### What the task requires
Restate, word for word, the run of lines that starts at the line containing "1 Year Xtr Germany" and ends with the final line of the listing. Leave pictures out.

BEGIN Records for the task

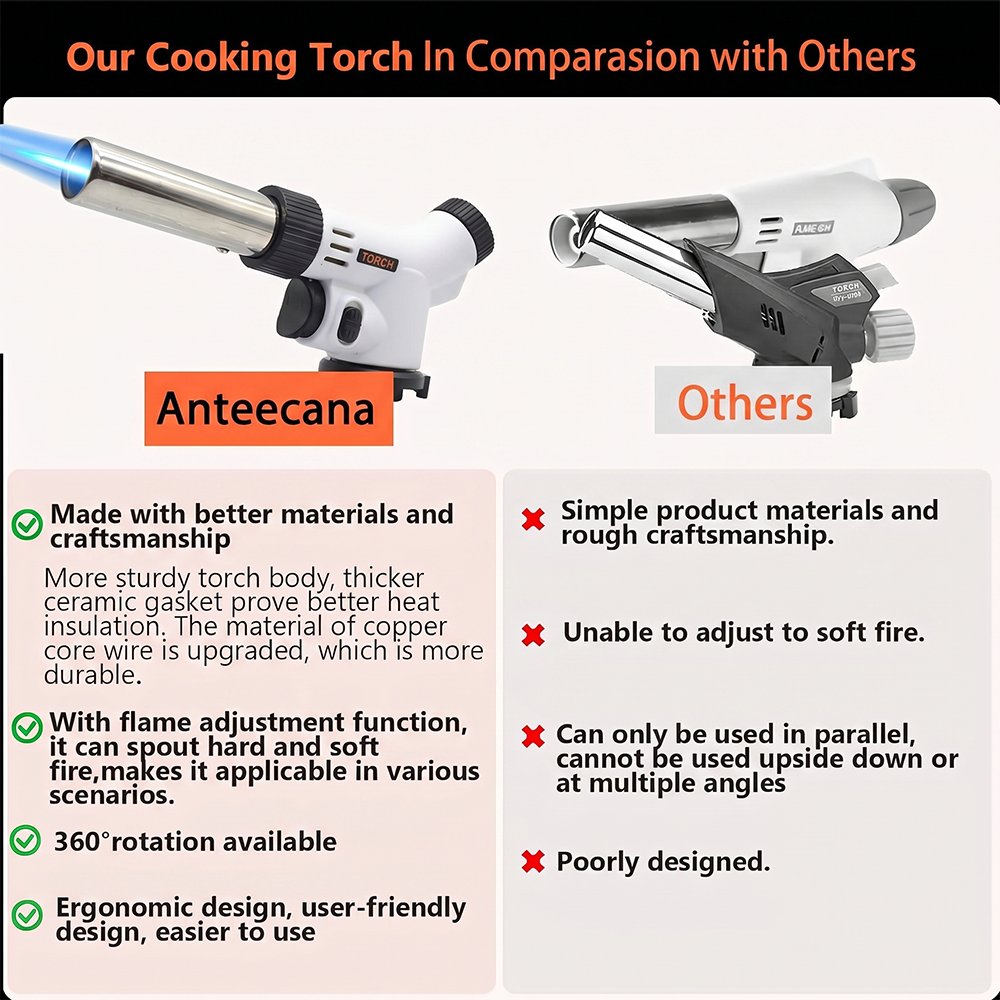 Pandatour Outdoor Camping Weld - Camping Cooking Flame recensione e prezzo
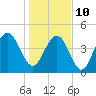 Sullivans Island tide chart for Monday, January 10, 2022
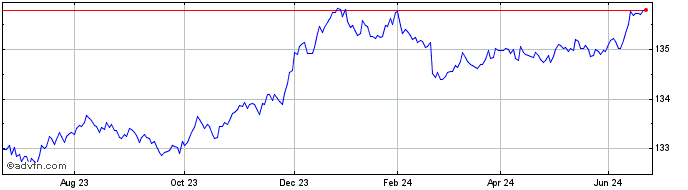 1 Year Xtr Germany Government B...  Price Chart
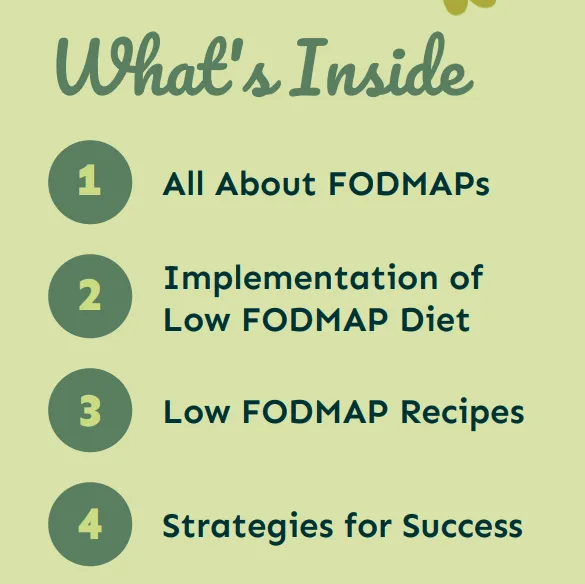 Graphic showing four components included in the Low FODMAP Starter Pack: All About FODMAPs, Implementation of Low FODMAP Diet, Low FODMAP Recipes, and Strategies for Success.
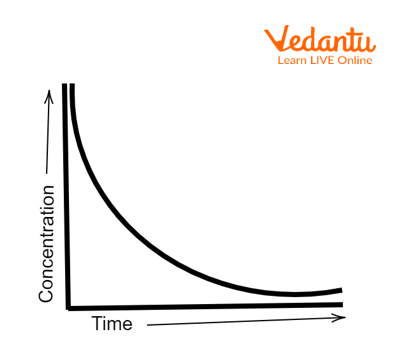 Concentration vs Time graph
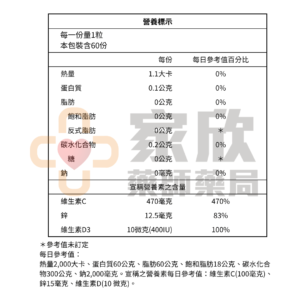 中旗 D3鋅緩釋C 膠囊 (4) 中旗 D3鋅緩釋C 膠囊 (4)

END Records for the task

### Output for this task
 1 Year Xtr Germany Government B...  Price Chart
 Graphic showing four components included in the Low FODMAP Starter Pack: All About FODMAPs, Implementation of Low FODMAP Diet, Low FODMAP Recipes, and Strategies for Success.
 Concentration vs Time graph
 中旗 D3鋅緩釋C 膠囊 (4) 中旗 D3鋅緩釋C 膠囊 (4)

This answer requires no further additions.